-- Extracted data follows --

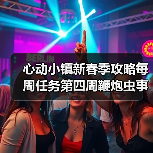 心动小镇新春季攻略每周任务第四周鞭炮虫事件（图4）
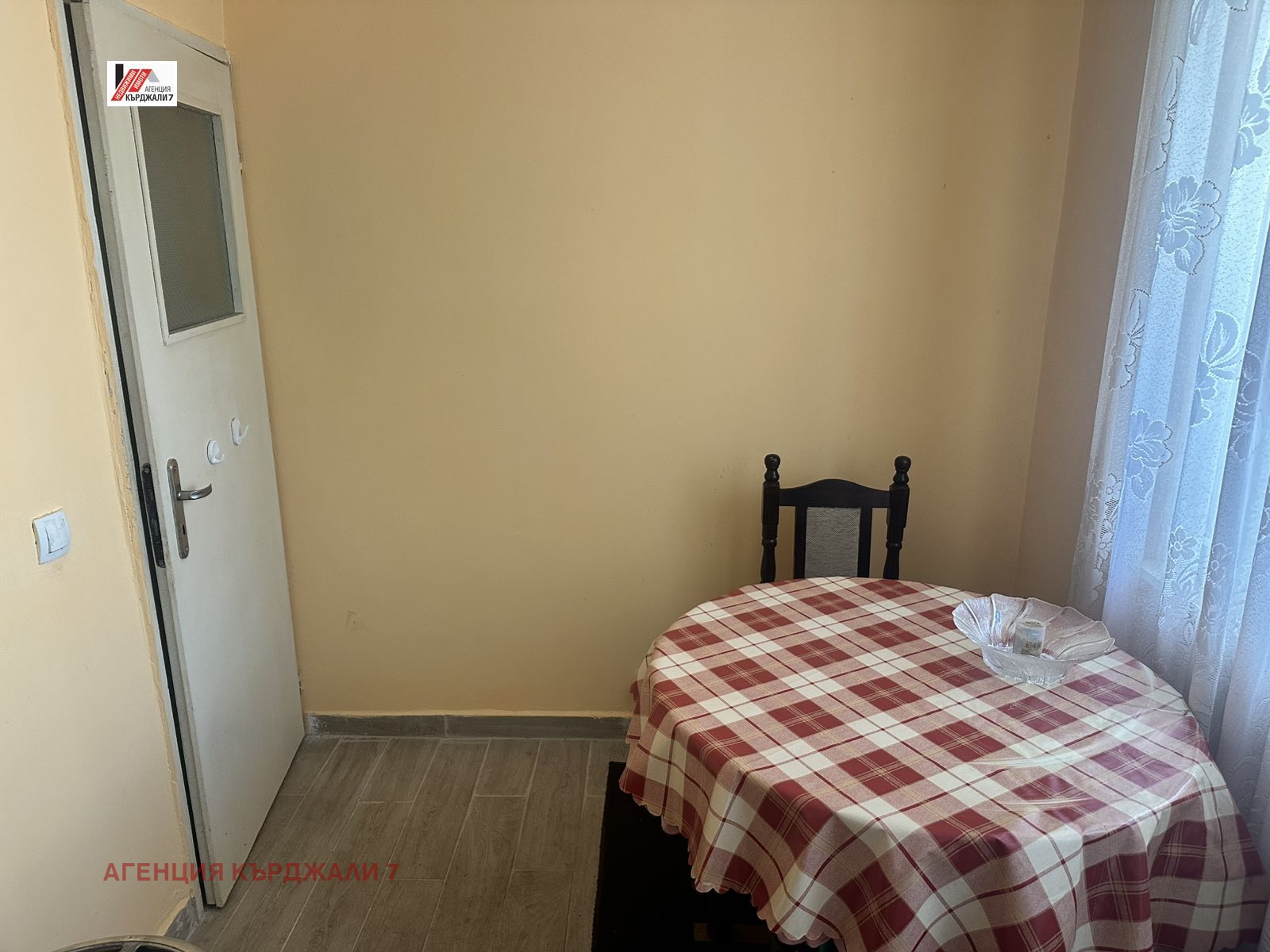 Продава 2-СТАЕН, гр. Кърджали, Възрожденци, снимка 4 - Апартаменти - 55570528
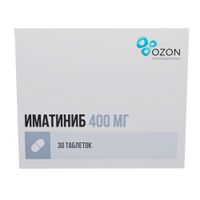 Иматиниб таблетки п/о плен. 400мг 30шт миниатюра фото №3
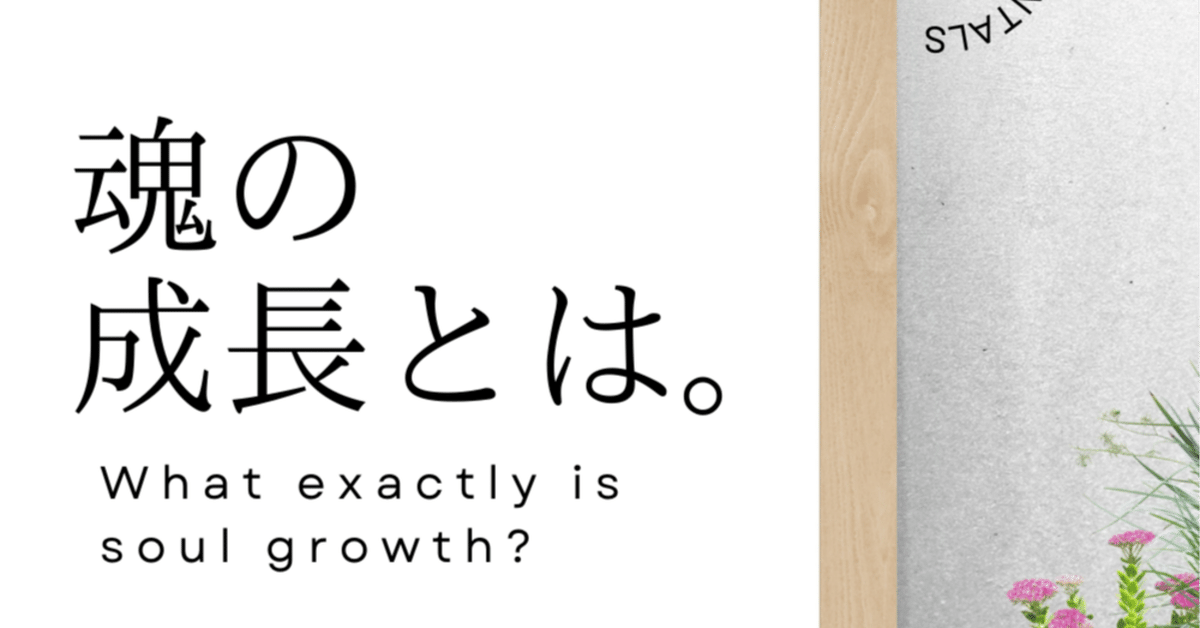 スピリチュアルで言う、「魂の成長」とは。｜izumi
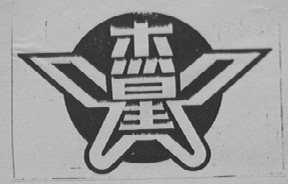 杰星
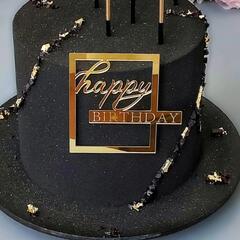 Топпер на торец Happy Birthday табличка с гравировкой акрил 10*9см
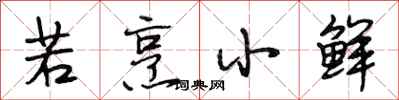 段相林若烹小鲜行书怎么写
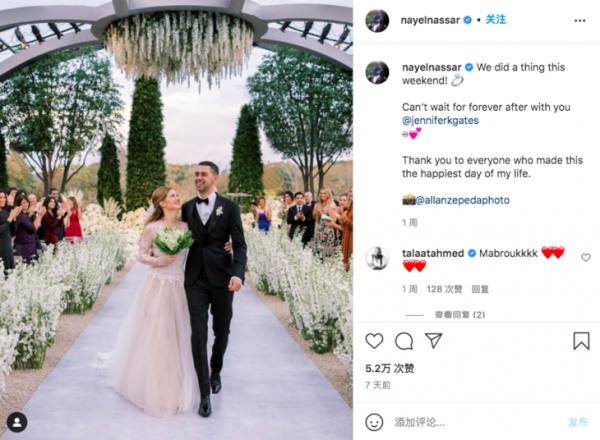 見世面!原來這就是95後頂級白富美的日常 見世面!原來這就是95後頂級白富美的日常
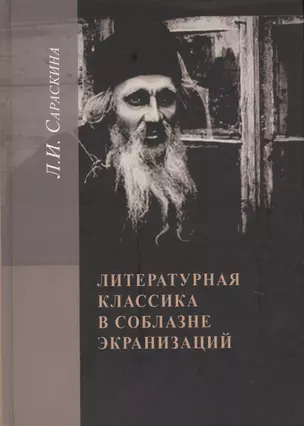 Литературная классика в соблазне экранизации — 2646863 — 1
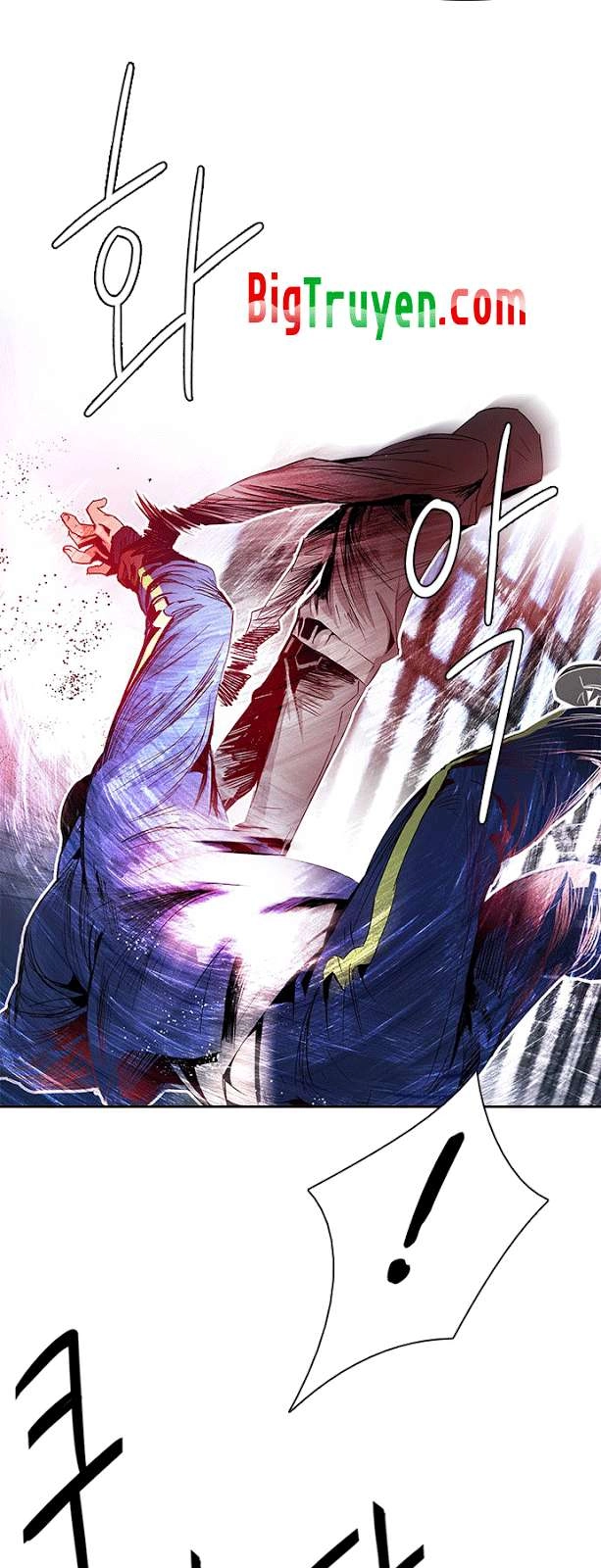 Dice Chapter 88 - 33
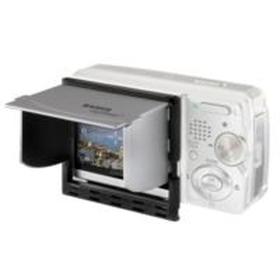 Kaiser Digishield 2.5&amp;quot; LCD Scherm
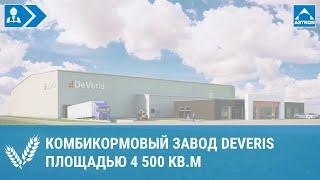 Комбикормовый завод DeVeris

-- Extracted data concluded --
-- Extracted data follows --

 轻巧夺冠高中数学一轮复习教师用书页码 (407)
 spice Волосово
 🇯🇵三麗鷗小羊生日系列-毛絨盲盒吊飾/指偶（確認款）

-- Extracted data concluded --
-- Extracted data follows --

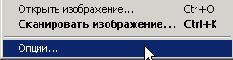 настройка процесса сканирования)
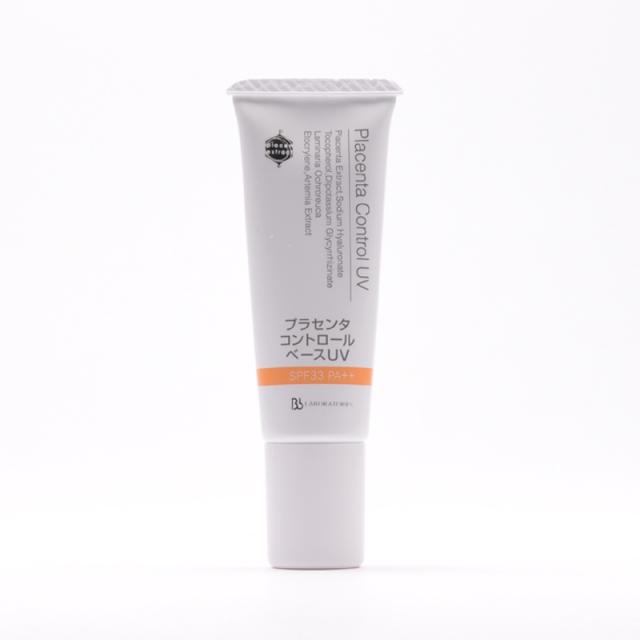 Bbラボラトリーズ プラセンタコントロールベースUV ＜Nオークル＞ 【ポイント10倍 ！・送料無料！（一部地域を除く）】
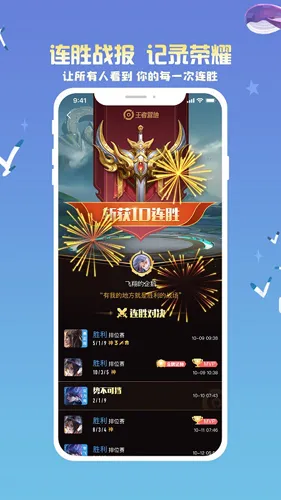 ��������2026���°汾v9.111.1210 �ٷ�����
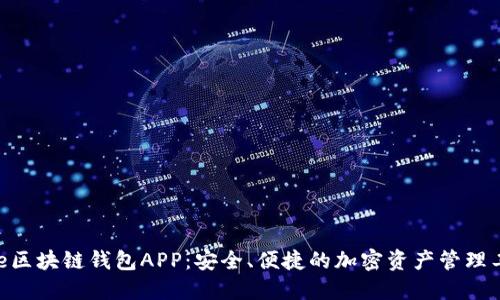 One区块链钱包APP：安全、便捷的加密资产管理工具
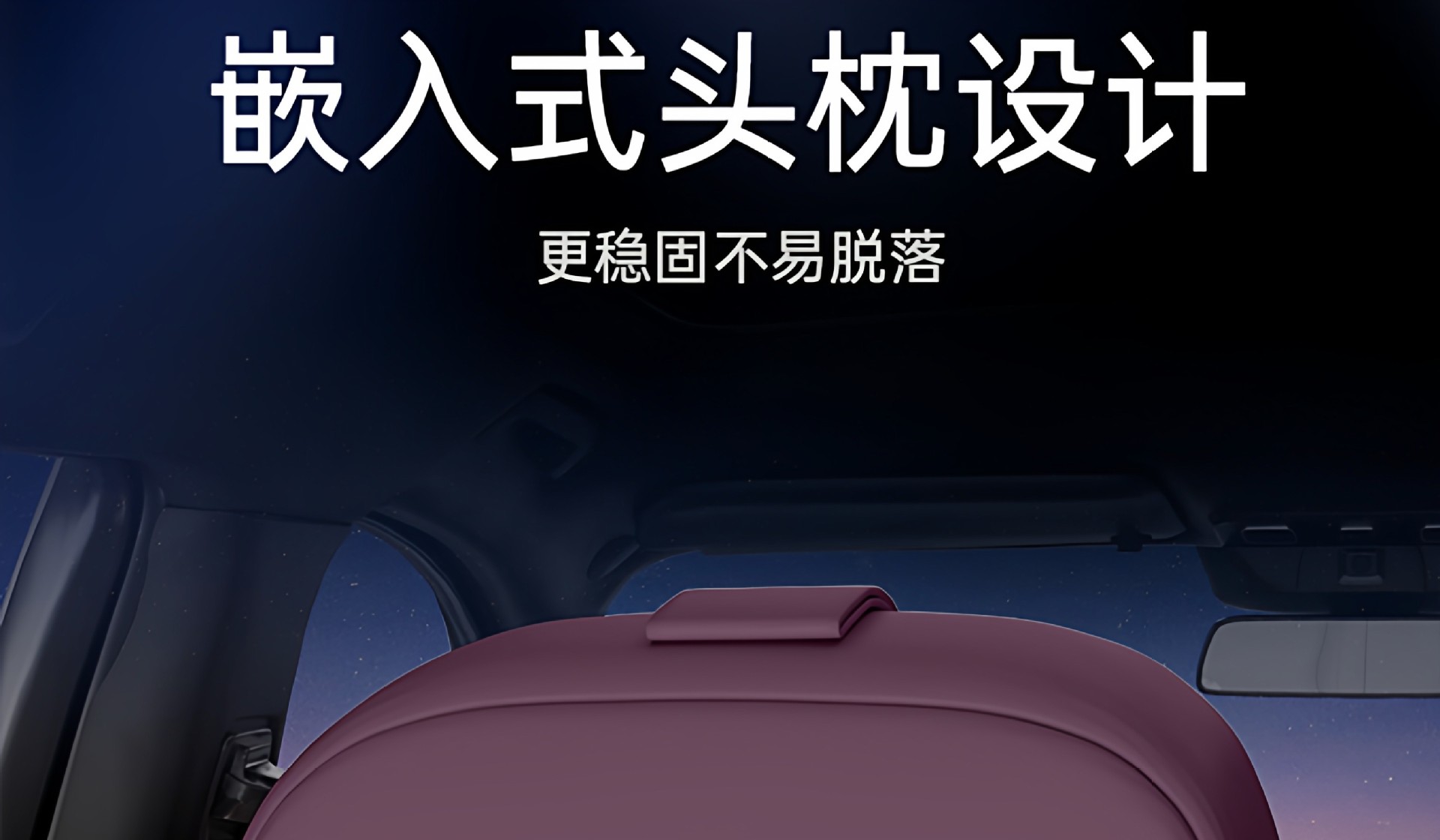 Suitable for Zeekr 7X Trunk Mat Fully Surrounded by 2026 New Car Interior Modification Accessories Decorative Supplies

-- Extracted data concluded --

=== Your task ===
Copy the lines above exactly, starting at the one with "настройка процесса сканирования)" and ending at the one with "Suitable for Zeekr", both included. Leave out any pictures and add nothing else.

=== Answer to this problem ===
 настройка процесса сканирования)
 Bbラボラトリーズ プラセンタコントロールベースUV ＜Nオークル＞ 【ポイント10倍 ！・送料無料！（一部地域を除く）】
 ��������2026���°汾v9.111.1210 �ٷ�����
 One区块链钱包APP：安全、便捷的加密资产管理工具
 Suitable for Zeekr 7X Trunk Mat Fully Surrounded by 2026 New Car Interior Modification Accessories Decorative Supplies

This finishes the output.